31st October, 2012
Crisis-trained chaplains of the organisation founded by famed evangelist Billy Graham rushed to devastated regions in the United States as the death toll of super storm Sandy climbed to at least 39.
Additionally, "millions are without power, thousands are in shelters, and countless others are cut off from their families and loved ones," the Billy Graham Evangelistic Association (BGEA) told BosNewsLife in a statement on Tuesday.
It said that the Billy Graham Rapid Response Team (RRT) chaplains are "now en route to the areas devastated" by super storm Sandy.
"These volunteer chaplains will offer emotional and spiritual support to people whose lives are in turmoil."
They arrived amid reports that millions of people from Maine to the Carolinas awoke on Tuesday without electricity. New York City was all but closed off by car, train and air as Sandy steamed inland, still delivering punishing wind and rain.
Many of the 39 killed were victims of falling trees.
Over eight million across America's East were without power.
Airlines canceled over 15,000 flights worldwide and The Associated Press news agency predicted that it could be days before the mess is untangled and passengers can get where they're going.
The storm also disrupted the presidential campaign with just a week to go before Election Day.
Amid the turmoil, BGEA said it believes its chaplains are prepared to help.

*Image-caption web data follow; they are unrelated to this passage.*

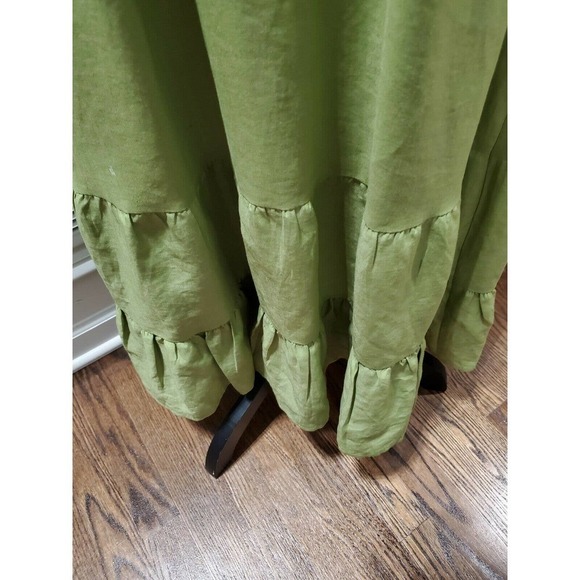 Foschini Women's Green 100% Ramie Sleeve Less V-Neck Long Maxi Dress Size 8 - Picture 4 of 11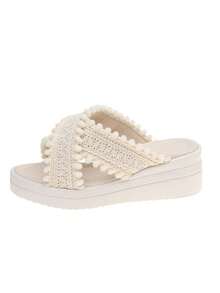1 Pair Beige Platform Slip-On Textured Strap Chunky Sole Fashion Beach/Summer Girls Sandals - Beige - View 7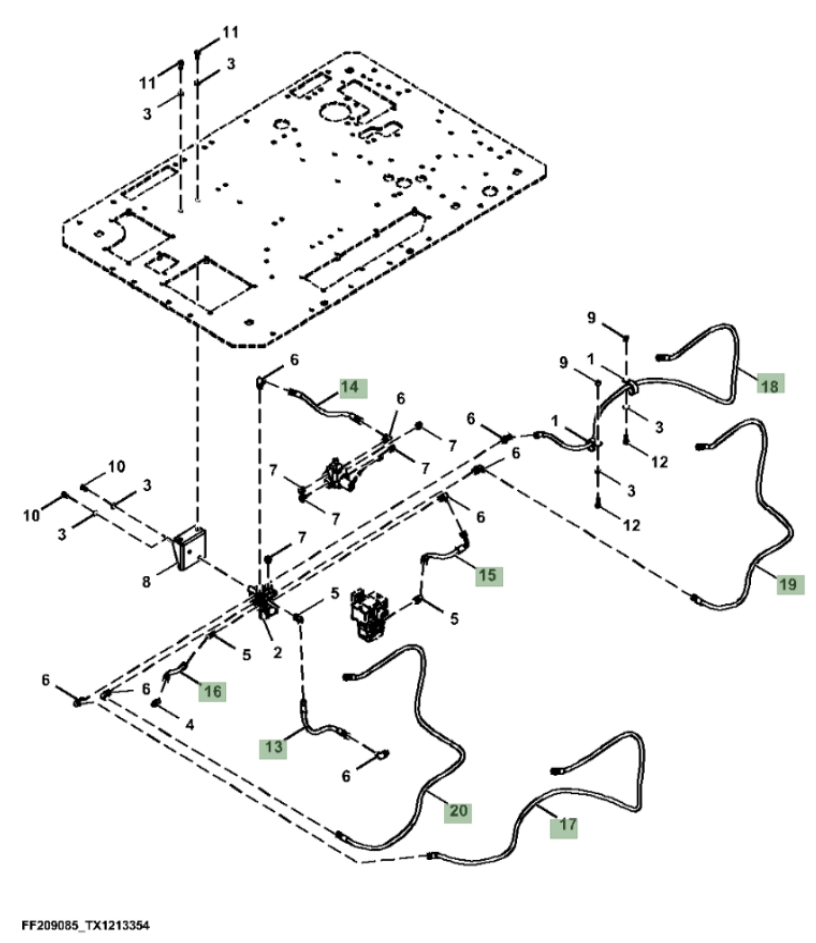 Hitachi ZX310F-LL-6N installation diagram showing hydraulic hose 4713022 at Pipe No. 20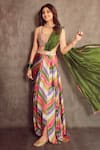 Punit Balana_Multi Color Satin Silk Stripe Print Pre-draped Saree Set_Online_at_Aza_Fashions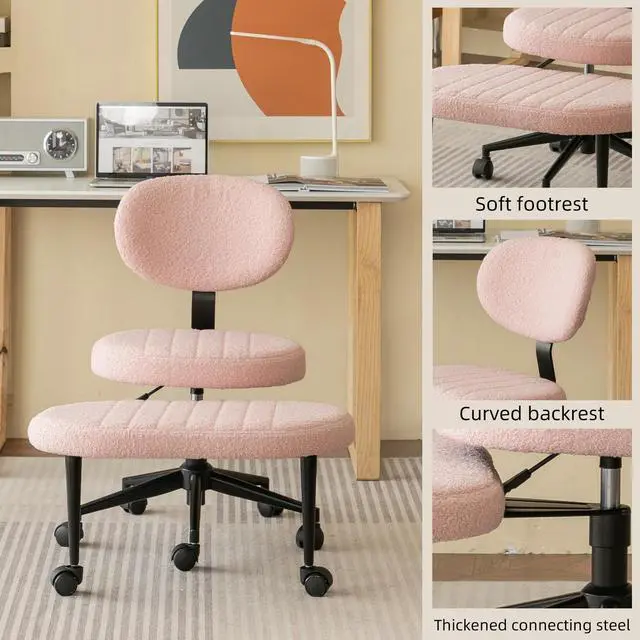 Alt view image 5 of 7 - Ergonomic Office Chair Multi-Position Cross Legged Design for Adults, Swivel Meditation & ADHD Fidget Desk Chair with Back Support & Rolling Base Pink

"The BGEA has trained RRT chaplains in 48 states and several countries. So far this year they’ve responded to wildfires, tornadoes, the Colorado shooting, Hurricane Isaac, and other crisis situations," the organisation added.
It said however that it had urged Christians to pray and support the chaplains as they "share the love of Christ with people in desperate need of hope."
Updates were expected via website BillyGraham.org/crisisresponse where supporters were also urged to "prayerfully consider a donation to this important ministry."
The destruction expected from Hurricane Sandy, targeting the country's most densely populated and developed region, was expected to make it the most expensive storm to hit the country since Hurricane Katrina in 2005.
Damage estimates range as high as $100 billion. Bloomberg news agency quoted credit agency Moody's as predicting that the gross domestic product loss from closed businesses and fewer shoppers could be about $10 billion a day between Washington and New York alone.
BGEA said its RTT chaplains are describing it as the "largest Hurricane in Atlantic Ocean History", with massive damage reported throughout the northeast U.S. "It is historic," said Jack Munday, director of the RTT team. However, "We're sharing God's love and hope, which He can only provide in a time like this."
Meanwhile, World Vision has deployed three rapid assessment teams New York, Washington, DC, and West Virginia this week while additional staff will remain on standby to begin distributing emergency supplies to the hardest-hit areas.
On Monday, World Vision's staff at the organisation's New York City site in the Bronx were forced to evacuate after rising flood waters from the East River that threatened to close nearby bridges and leave World Vision staff stranded and unable to respond. Meanwhile, more than 1,000 pre-positioned relief supplies at the New York City field site have been elevated to higher ground within World Vision's warehouse to avoid water damage.
"It's not ideal, but we felt it was necessary to evacuate our staff and seek shelter closer to Manhattan so we wouldn't be stranded ourselves," said Phyllis Freeman, World Vision's domestic disaster director. "We unplugged electrical equipment and put all the relief supplies up higher, but we're not sure when our response teams will be able to access the site if the river continues to rise."
World Vision's pre-positioned relief supplies include emergency food kits, cleaning supplies, hygiene items, blankets and tarps. This year, World Vision has responded to several US disasters, including Hurricane Isaac, wildfires in Oklahoma and tornadoes in Texas.